Many mothers with young children have struggled to use public transport with pushchairs, particularly if they have to fold down their buggy or pram while holding onto their sleeping baby. However, they will now be told that they must give way to wheelchair users, following a new landmark court ruling.
The ruling from Britain’s Supreme Court means that wheelchair users will now have priority over mums with pushchairs on buses. Drivers will now have to insist that non-wheelchair users leave priority spaces if someone who is disabled wants to board.

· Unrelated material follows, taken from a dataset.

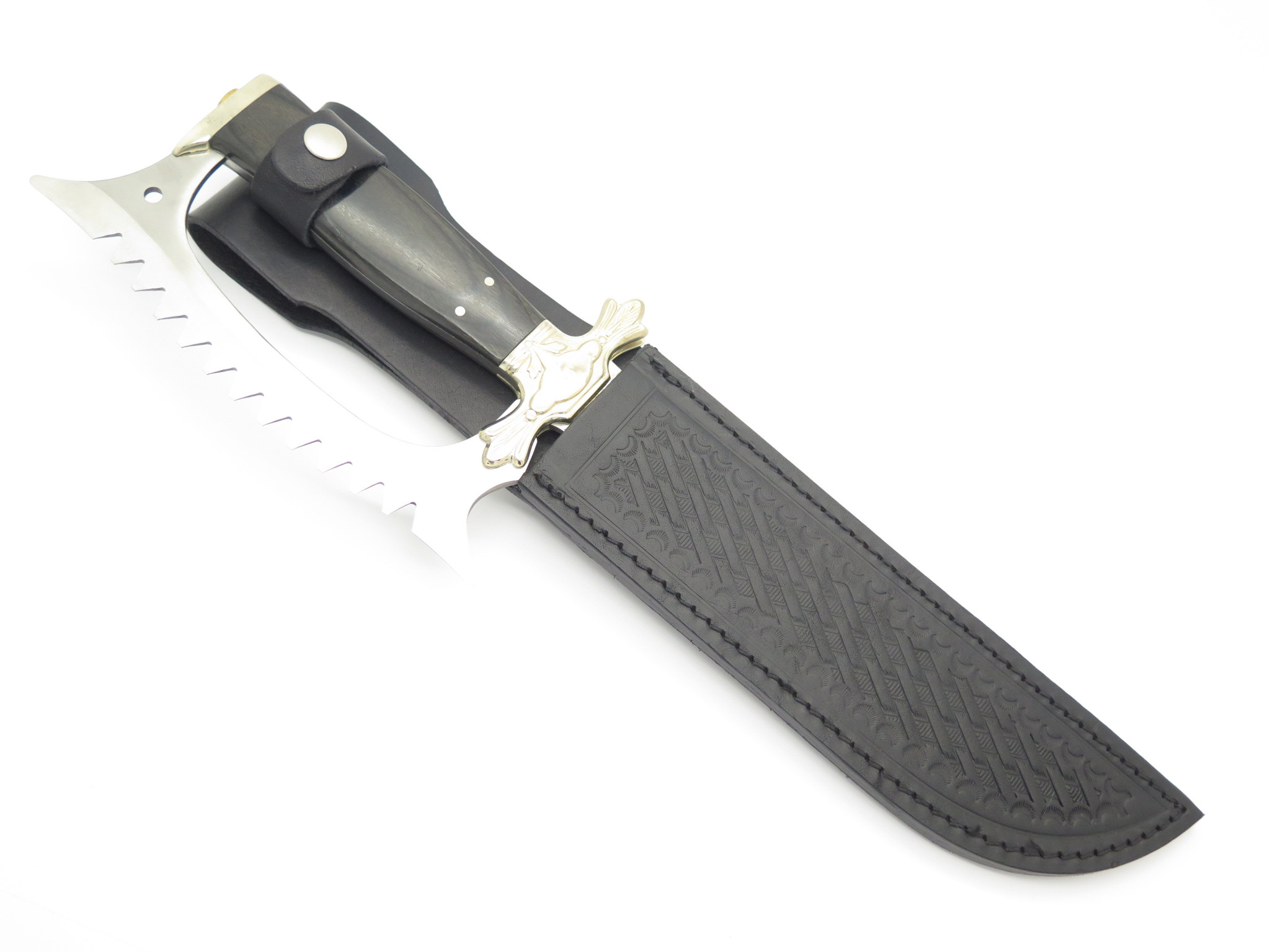 Vtg Fury 66002 Tak Fukuta Seki Japan D Guard Combat Bowie Fixed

Before the court case, the priority area was seen as for use by the disabled, the elderly and parents with children. However, wheelchair user Doug Paulley went to court when he tried to get on a FirstGroup bus, with signs asking passengers to give up the priority space if a wheelchair user needed it.
Stranded at the bus stop
Mr Paulley, from West Yorkshire, was unable to board, however, because a mother with a sleeping baby refused to move her pushchair when the bus driver asked her to. Following the verdict, he was greeted outside court by others with disabilities, who cheered as he came out.
He said that it had been a long fight but that the judgement now marked what he described as a “significant cultural change”. His case was first heard at Leeds Crown Court, which agreed with Mr Paulley that the bus firm should have enforced his right to use the space.
However, that judgement was overturned at the Court of Appeal, which decided that it did not strike the right balance between looking after the needed of those who used wheelchairs and other vulnerable passengers. It also said bus drivers could face confrontation, and bus passengers could suffer delays. Now, the Supreme Court has issued a ruling giving wheelchair users priority.